As part of the E2Data research project, we at the Institute of Communication and Computer Systems (ICCS) of the National Technical University of Athens, Greece, have been working on a modified version of Hadoop Yarn where the GPU devices that are available in the underlying cluster are discovered via a Java wrapper of the OpenCL framework API (namely JOCL), instead of vendor-specific binaries.
In other words, we have shifted towards a more uniform and high-level handling of GPUs as "OpenCL-enabled" devices. This way, we manage to decouple GPU discovery/management from vendor-specific technicalities; every GPU, no matter the vendor, is the same for E2Data YARN (more specifically, for the NodeManager component), provided that the OpenCL runtime and drivers for the GPU(s) of interest are installed on the respective node(s) of the cluster.

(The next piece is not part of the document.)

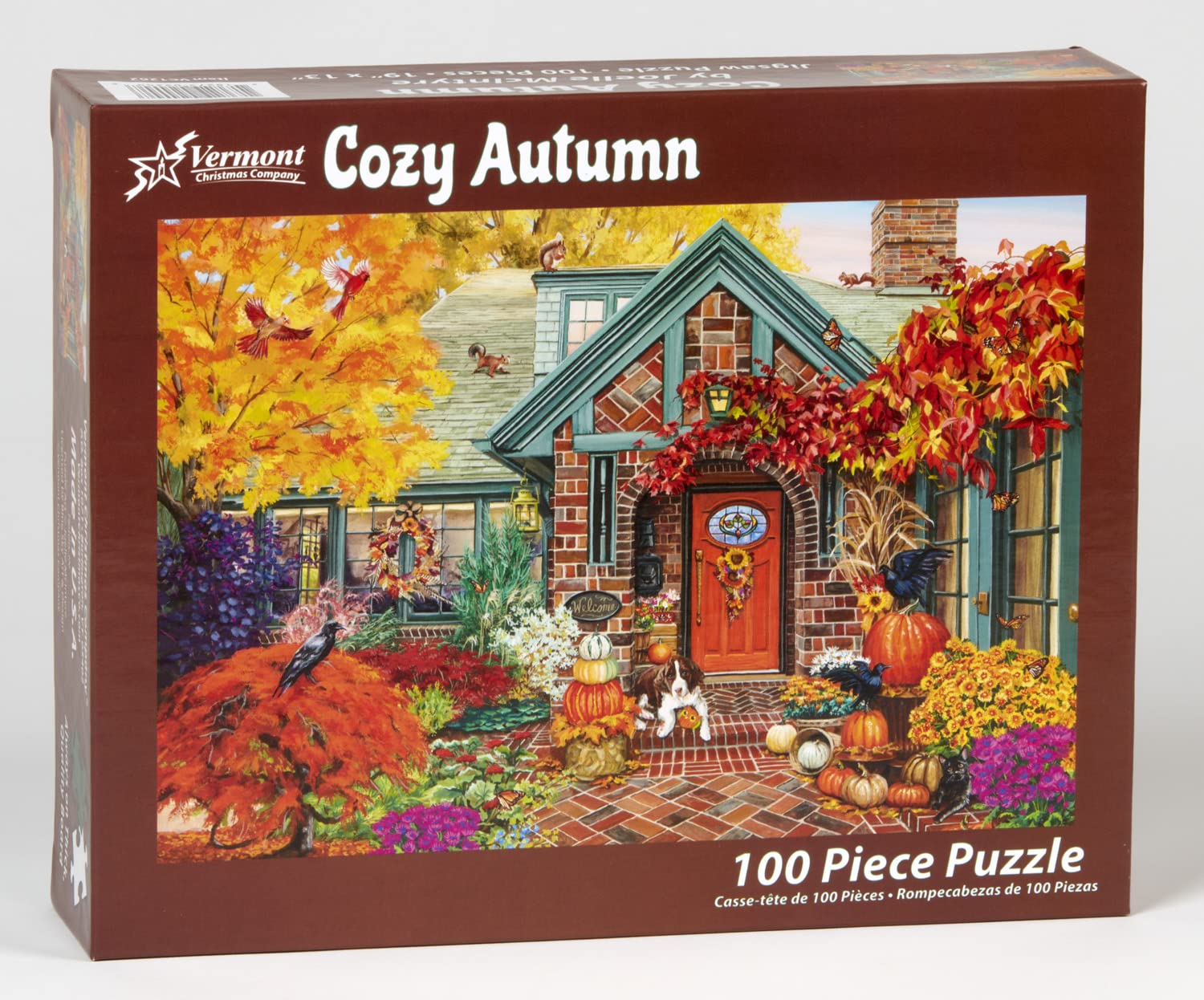Vermont Christmas Company Cozy Autumn Jigsaw Puzzle 100 Piece, Large Pieces Perfect for Kids and Seniors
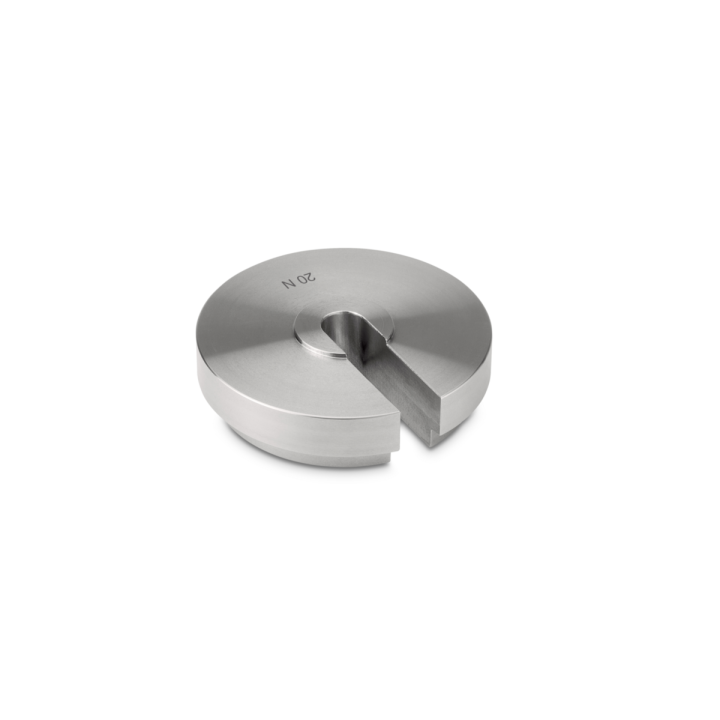 Individual weight (Newton), 20 N, Slot weight (Type B), stainless steel fine turned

This way, we managed to use GPUs other than NVIDIA (which are the only ones officially supported via the nvidia-smi binary) with minimal additional effort, after our initial changes.
Ultimately, our goal is to unify every processing unit that YARN can possible utilize (CPU cores, GPUs, FPGAs) behind a common, simple, high-level interface; that of the OpenCL-enabled device.
The only drawback of our approach is that vendor-specific info regarding the GPUs is lost (e.g. temperature). We believe, however, that the lost information is not necessary for YARN; everything that Hadoop needs in order to discover and handle GPU devices is provided by OpenCL.
This is just a proposition/a prompt for discussion for the time being. This modified version is a work in progress. We consider community feedback regarding the core concept (and the fact that it may constitute a paradigm shift for YARN) crucial before attaching any patch file and diving into more (technical) details.